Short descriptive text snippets
********************
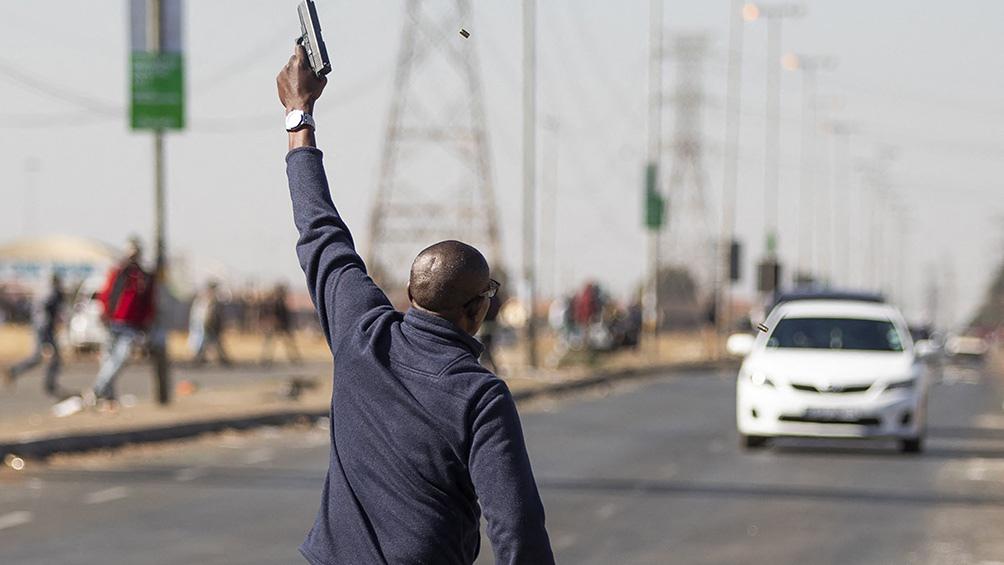 60eee880cce77_1004x565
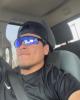 Dan is single in Alice, TX USA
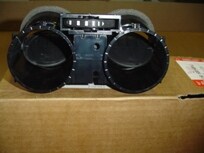 parts specials 045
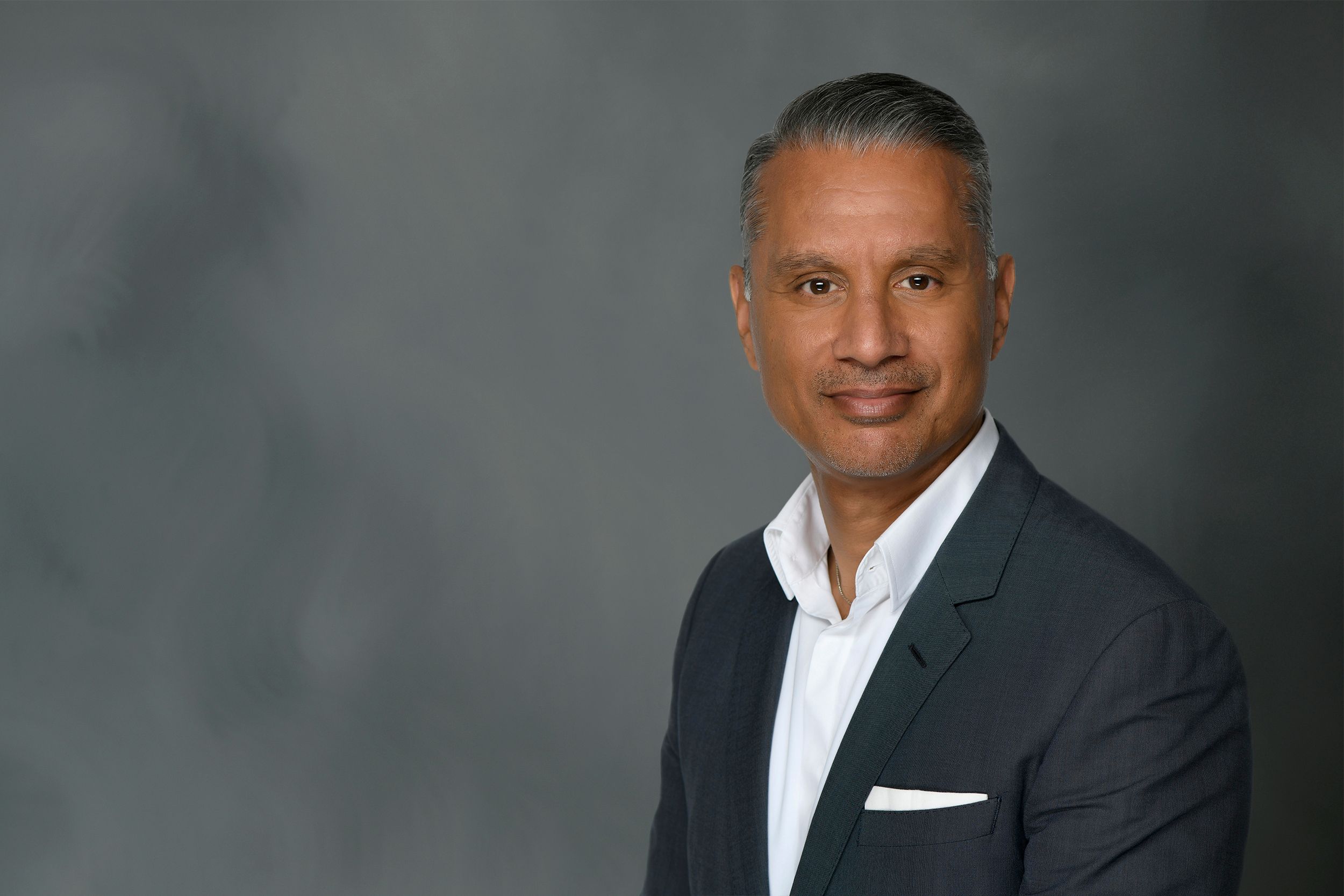 Rakesh Patel On Alta Capital Real Estate’s Focus On Sustainability & Wellness Developments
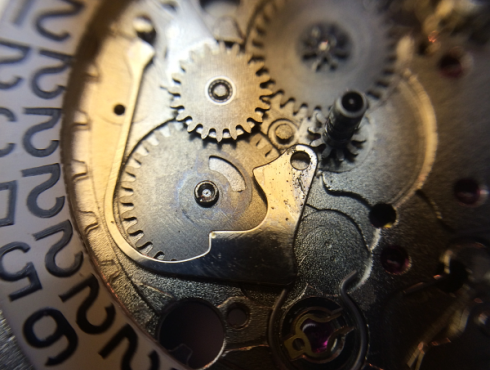 Junghans-Diskus-Durowe-7526-49.png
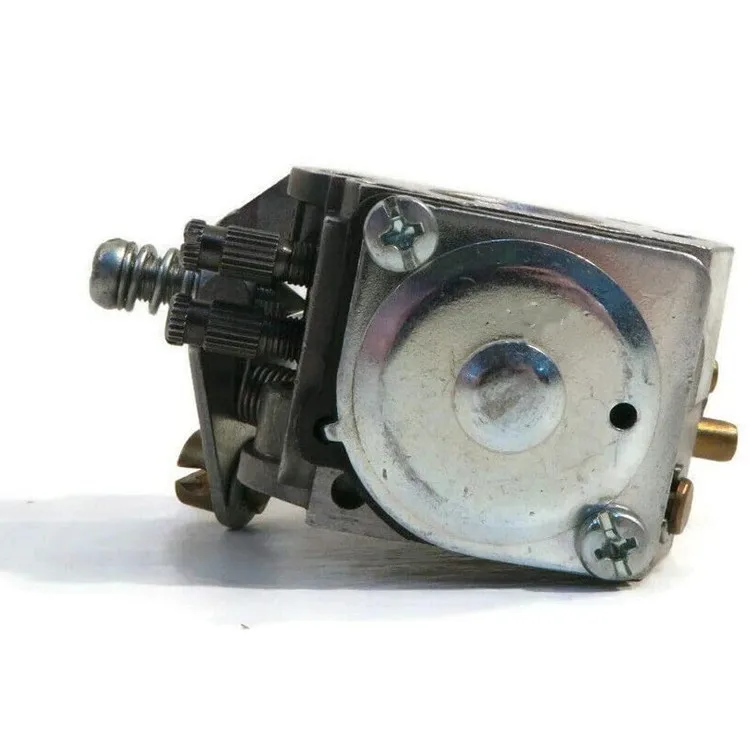 Zama C1U-K53 Carburetor for C1U-K53B C1U-K53A Trimmers parts carburetor carb Echo SRM-2015 SRM-2305 SRM-2455 AT203A SHR-210Z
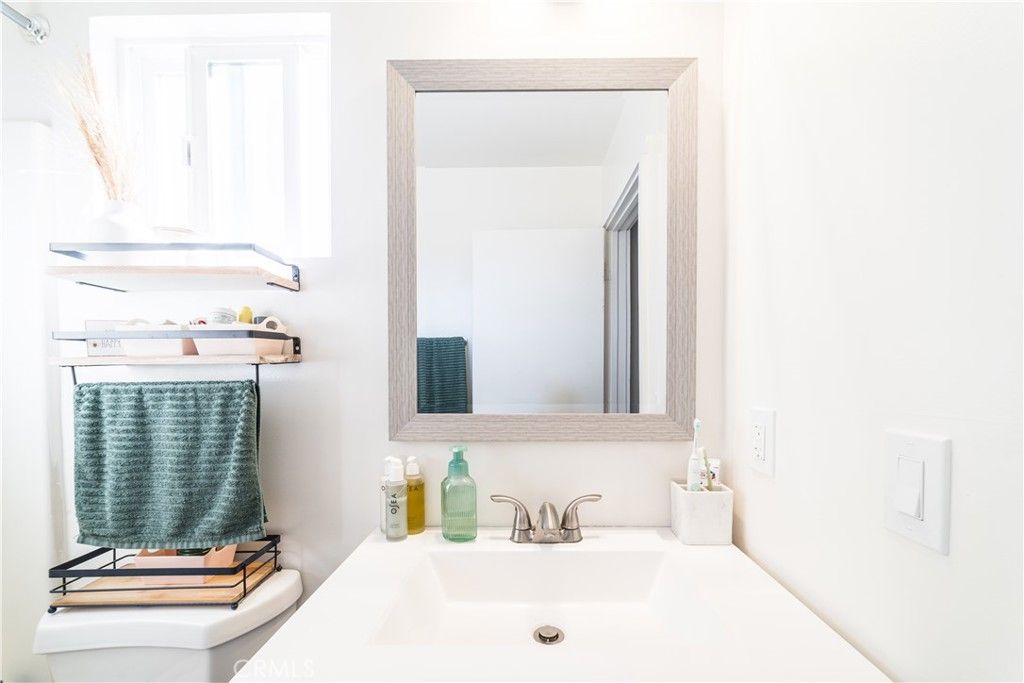 Image 16 of property listing at 3220 Sage, Yucca Valley, CA 92284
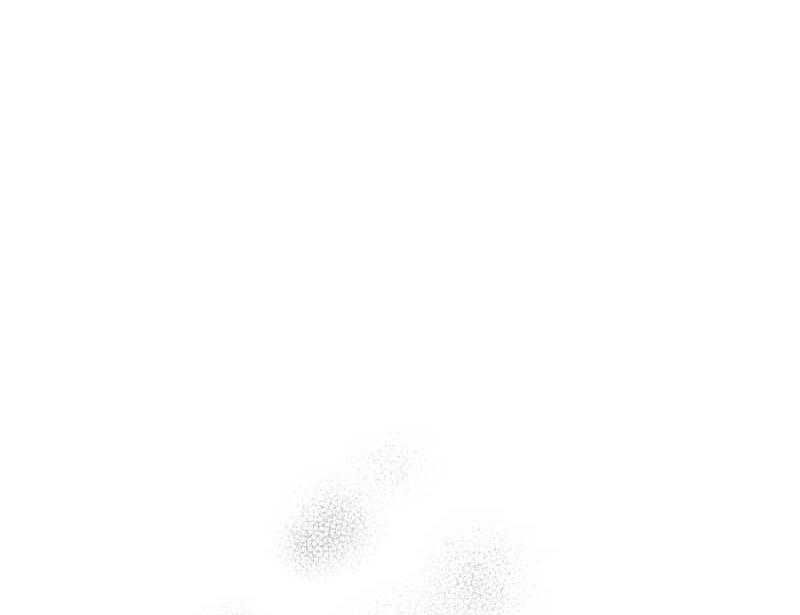 Truyện Ngôn Nhưng Không Ngôn Lắm Chapter 96 - 66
********************
| What is expected |
From the line containing "Junghans-Diskus-Durowe-7526-49.png" down to the last line of the entries above, retype each line exactly as it stands, but skip the pictures.

| Reply |
 Junghans-Diskus-Durowe-7526-49.png
 Zama C1U-K53 Carburetor for C1U-K53B C1U-K53A Trimmers parts carburetor carb Echo SRM-2015 SRM-2305 SRM-2455 AT203A SHR-210Z
 Image 16 of property listing at 3220 Sage, Yucca Valley, CA 92284
 Truyện Ngôn Nhưng Không Ngôn Lắm Chapter 96 - 66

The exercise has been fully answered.